■ YOUR TASK
What this exercise needs is every entry restated as written, with no pictures.

EXTRACTED RECORDS Block Start

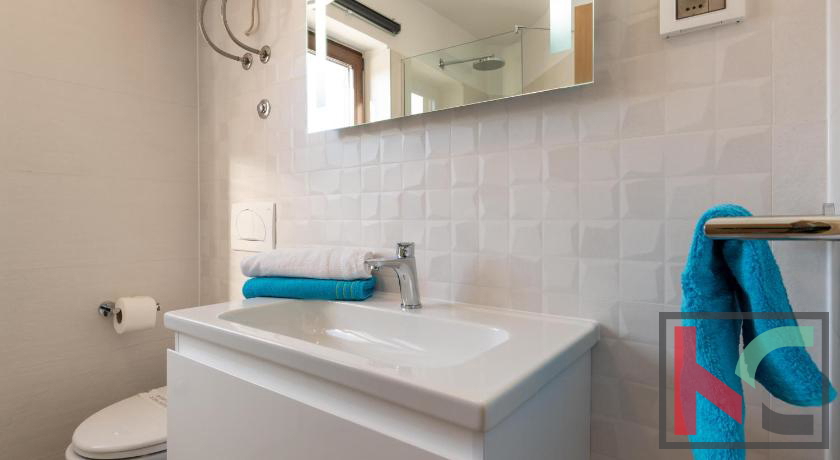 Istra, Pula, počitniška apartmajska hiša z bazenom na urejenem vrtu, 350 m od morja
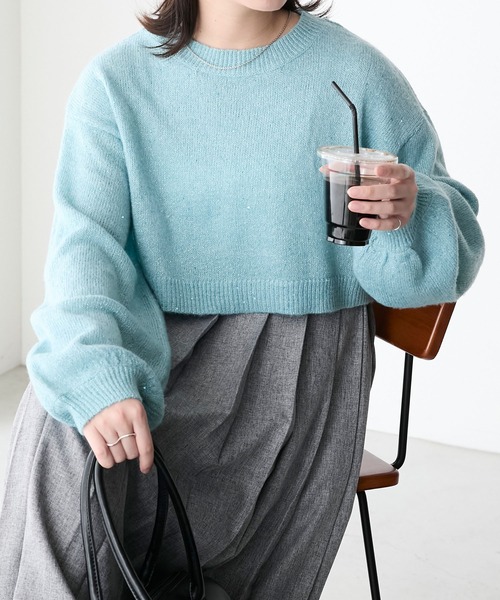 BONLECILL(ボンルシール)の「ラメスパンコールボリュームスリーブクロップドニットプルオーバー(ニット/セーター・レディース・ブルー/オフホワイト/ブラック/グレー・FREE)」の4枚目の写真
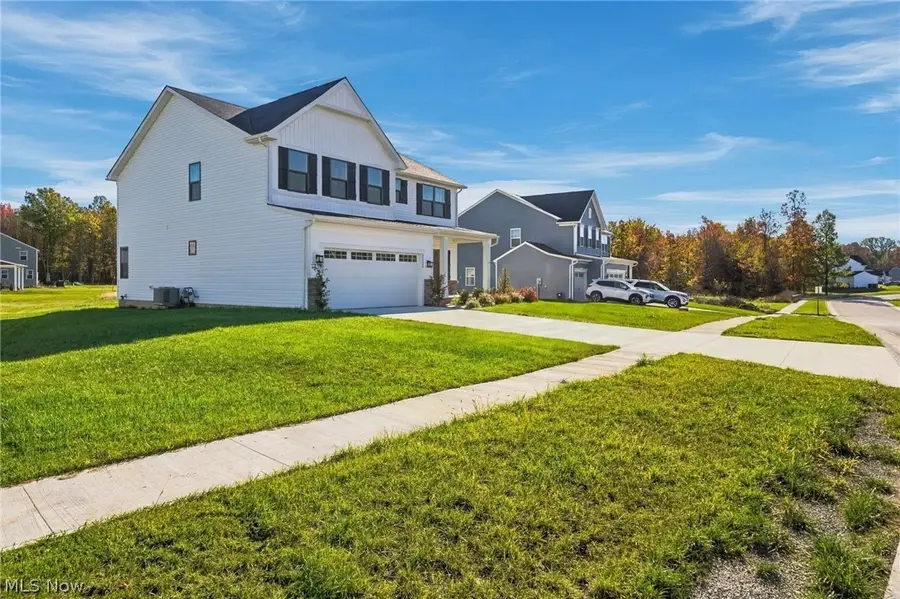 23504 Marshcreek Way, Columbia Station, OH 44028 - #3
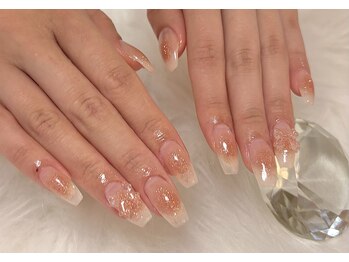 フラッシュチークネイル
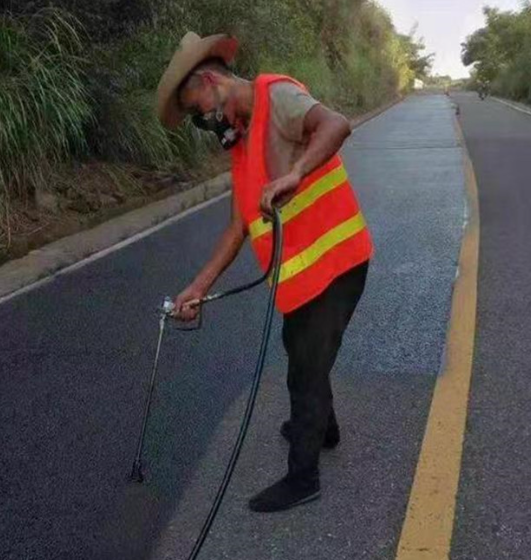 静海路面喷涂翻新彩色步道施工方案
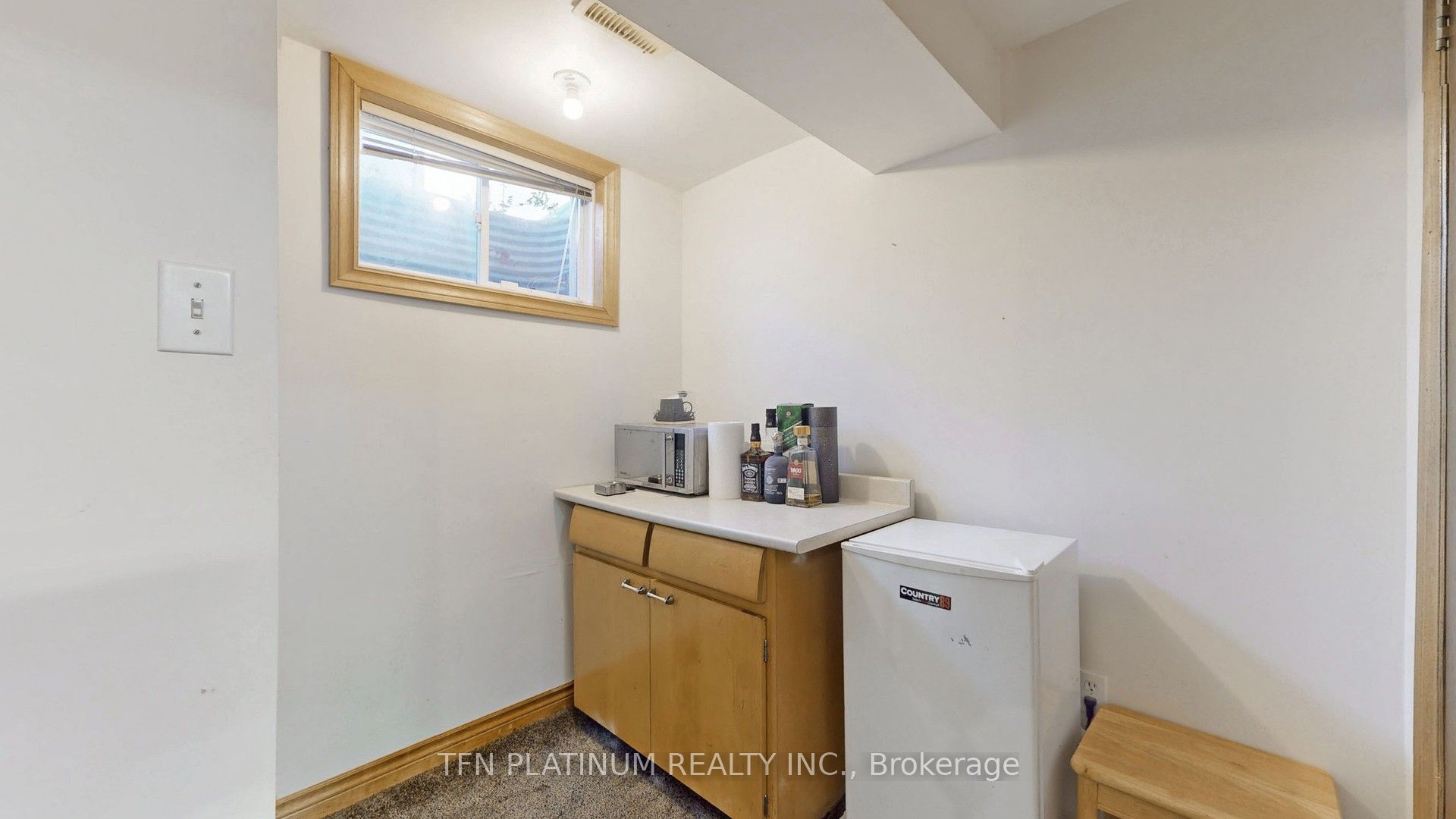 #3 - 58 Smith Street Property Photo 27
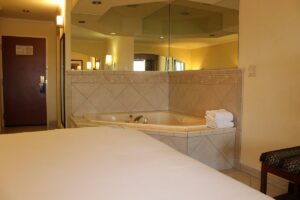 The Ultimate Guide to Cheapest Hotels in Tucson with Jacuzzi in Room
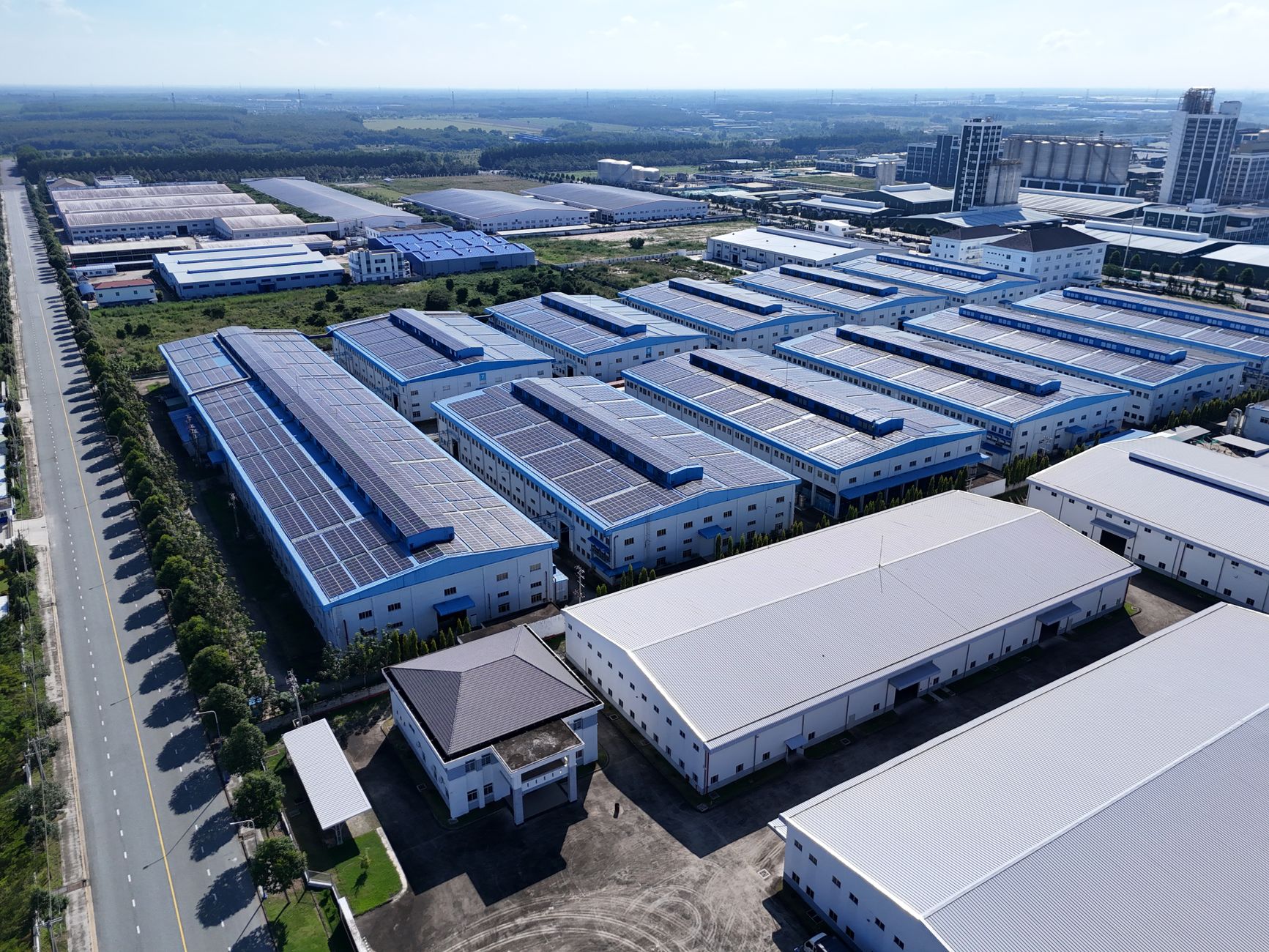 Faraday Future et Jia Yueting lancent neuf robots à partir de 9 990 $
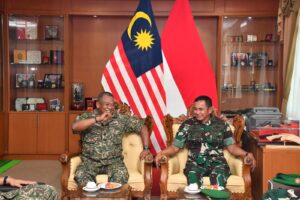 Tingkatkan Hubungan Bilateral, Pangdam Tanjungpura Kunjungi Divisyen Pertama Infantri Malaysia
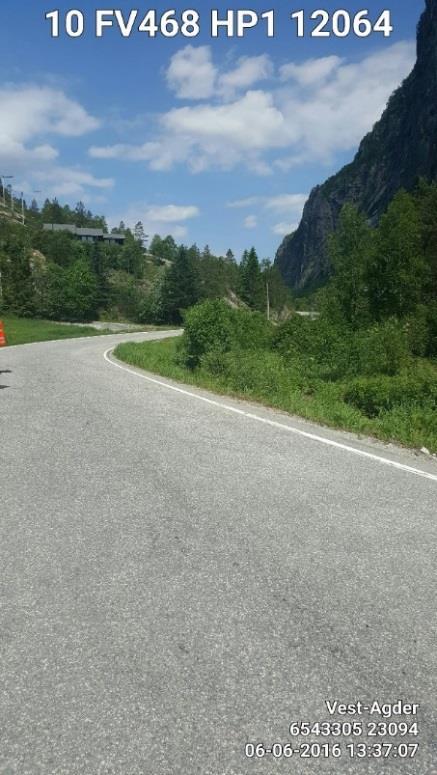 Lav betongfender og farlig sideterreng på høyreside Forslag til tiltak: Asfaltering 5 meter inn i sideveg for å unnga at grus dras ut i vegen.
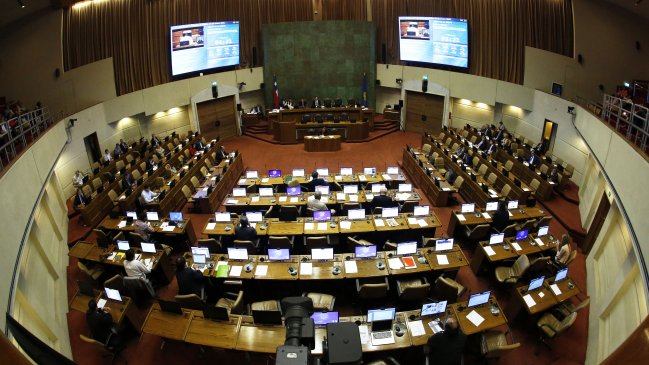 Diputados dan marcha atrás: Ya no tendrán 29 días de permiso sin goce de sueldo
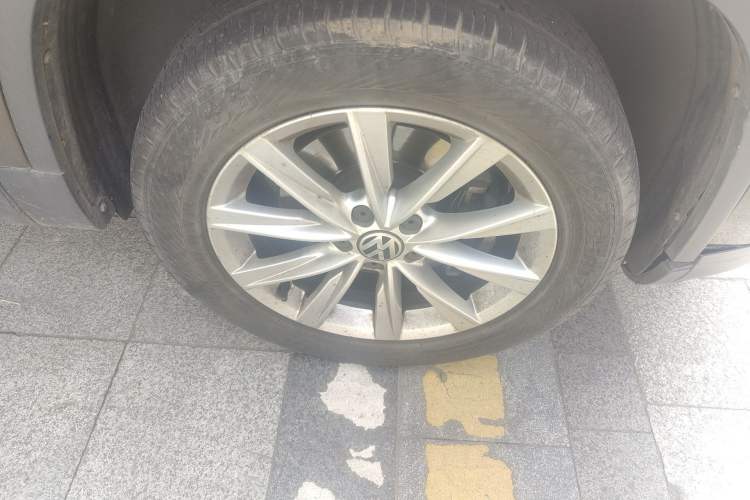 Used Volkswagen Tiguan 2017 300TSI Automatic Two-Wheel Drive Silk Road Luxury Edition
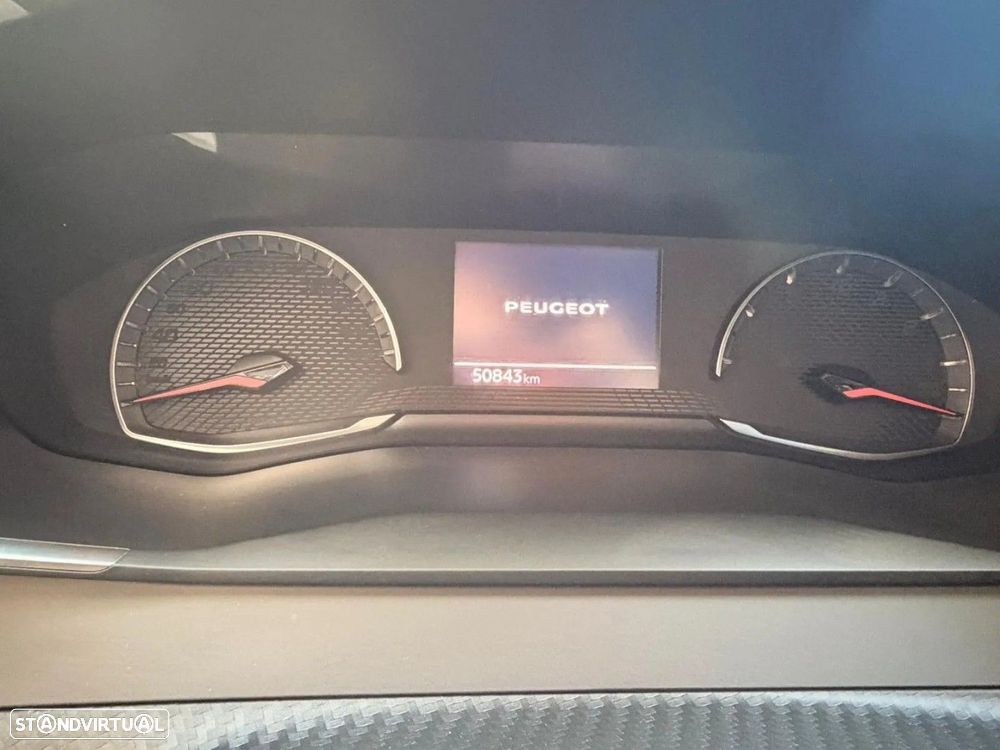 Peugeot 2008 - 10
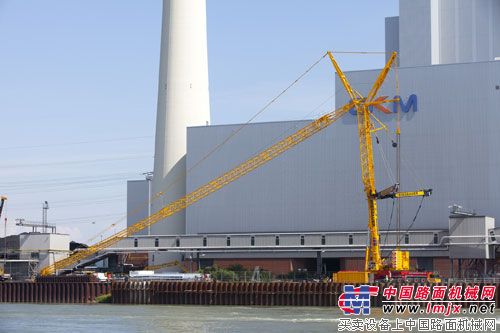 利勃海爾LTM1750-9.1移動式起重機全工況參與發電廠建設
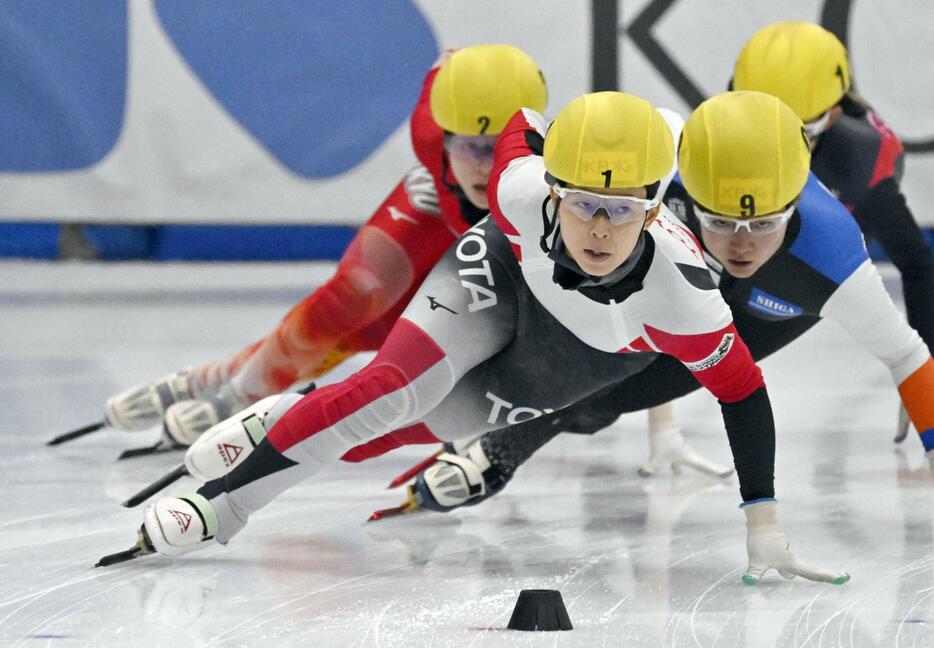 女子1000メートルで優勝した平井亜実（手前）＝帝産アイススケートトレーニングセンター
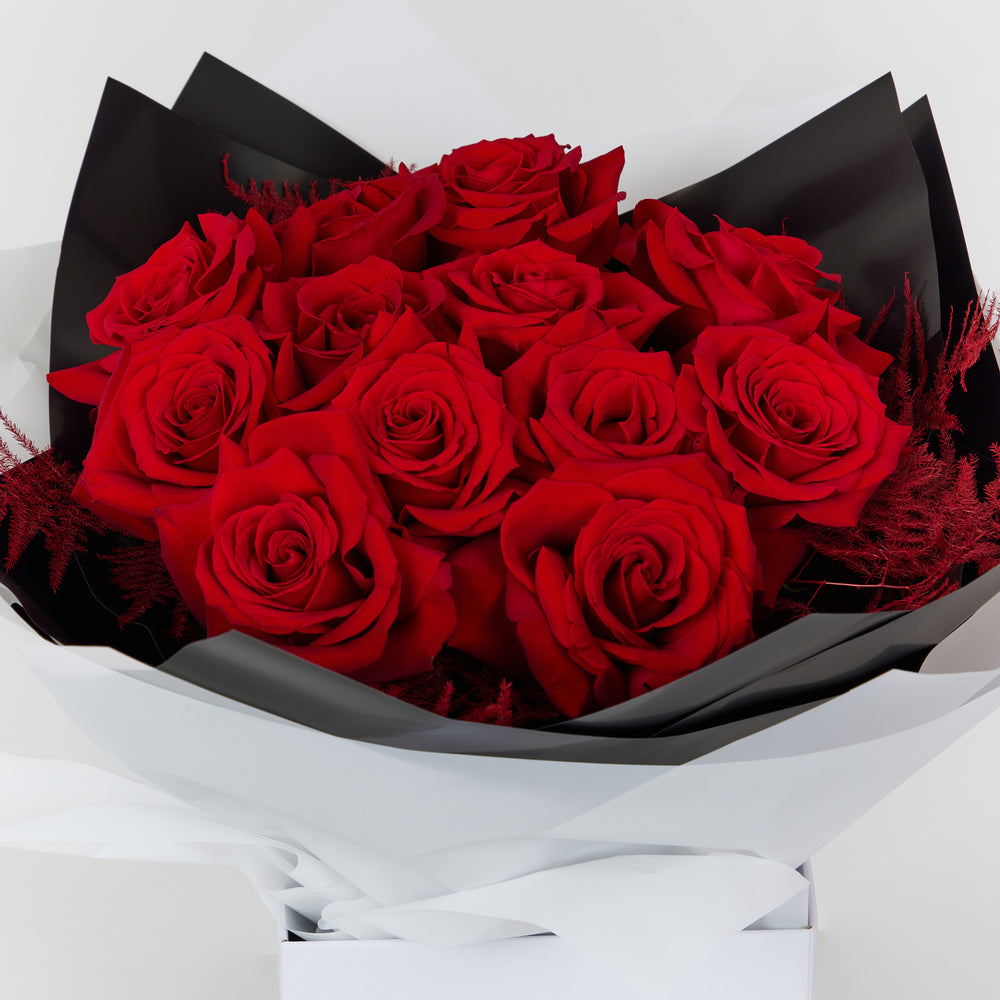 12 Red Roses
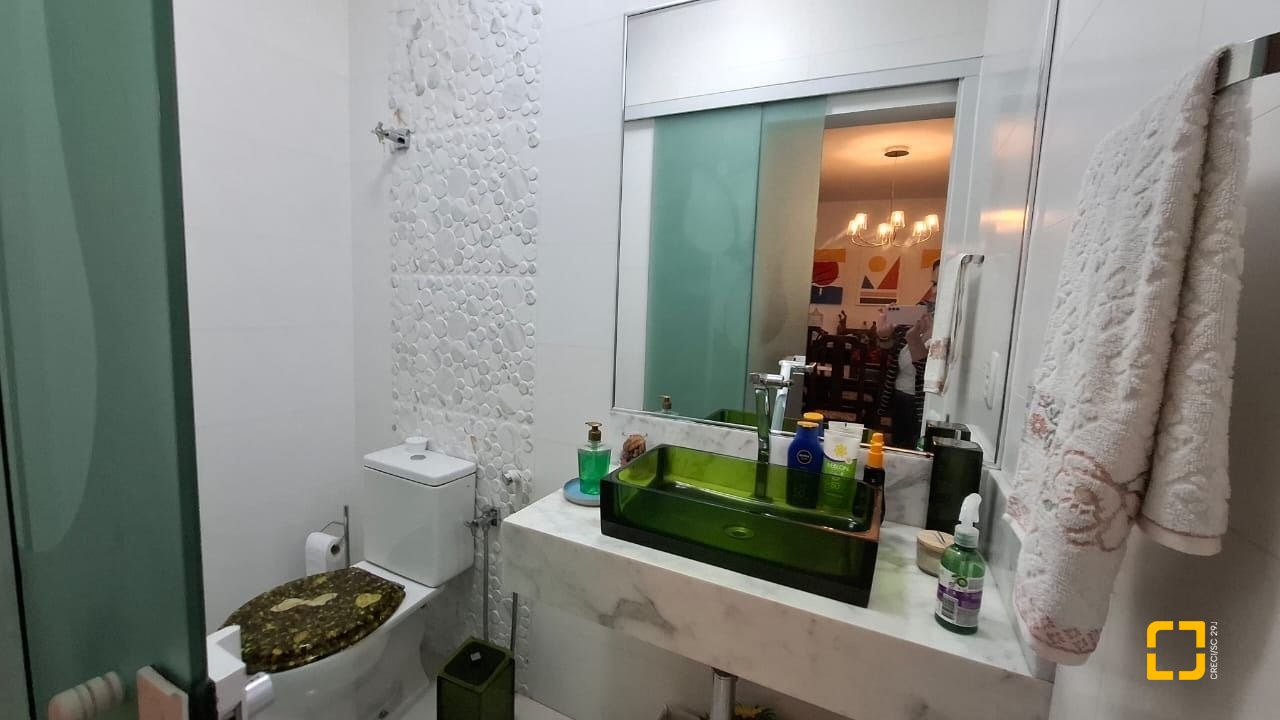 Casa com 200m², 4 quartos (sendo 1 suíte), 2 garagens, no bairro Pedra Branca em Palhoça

EXTRACTED RECORDS Block End

■ SOLUTION TO THIS EXERCISE
 Istra, Pula, počitniška apartmajska hiša z bazenom na urejenem vrtu, 350 m od morja
 BONLECILL(ボンルシール)の「ラメスパンコールボリュームスリーブクロップドニットプルオーバー(ニット/セーター・レディース・ブルー/オフホワイト/ブラック/グレー・FREE)」の4枚目の写真
 23504 Marshcreek Way, Columbia Station, OH 44028 - #3
 フラッシュチークネイル
 静海路面喷涂翻新彩色步道施工方案
 #3 - 58 Smith Street Property Photo 27
 The Ultimate Guide to Cheapest Hotels in Tucson with Jacuzzi in Room
 Faraday Future et Jia Yueting lancent neuf robots à partir de 9 990 $
 Tingkatkan Hubungan Bilateral, Pangdam Tanjungpura Kunjungi Divisyen Pertama Infantri Malaysia
 Lav betongfender og farlig sideterreng på høyreside Forslag til tiltak: Asfaltering 5 meter inn i sideveg for å unnga at grus dras ut i vegen.
 Diputados dan marcha atrás: Ya no tendrán 29 días de permiso sin goce de sueldo
 Used Volkswagen Tiguan 2017 300TSI Automatic Two-Wheel Drive Silk Road Luxury Edition
 Peugeot 2008 - 10
 利勃海爾LTM1750-9.1移動式起重機全工況參與發電廠建設
 女子1000メートルで優勝した平井亜実（手前）＝帝産アイススケートトレーニングセンター
 12 Red Roses
 Casa com 200m², 4 quartos (sendo 1 suíte), 2 garagens, no bairro Pedra Branca em Palhoça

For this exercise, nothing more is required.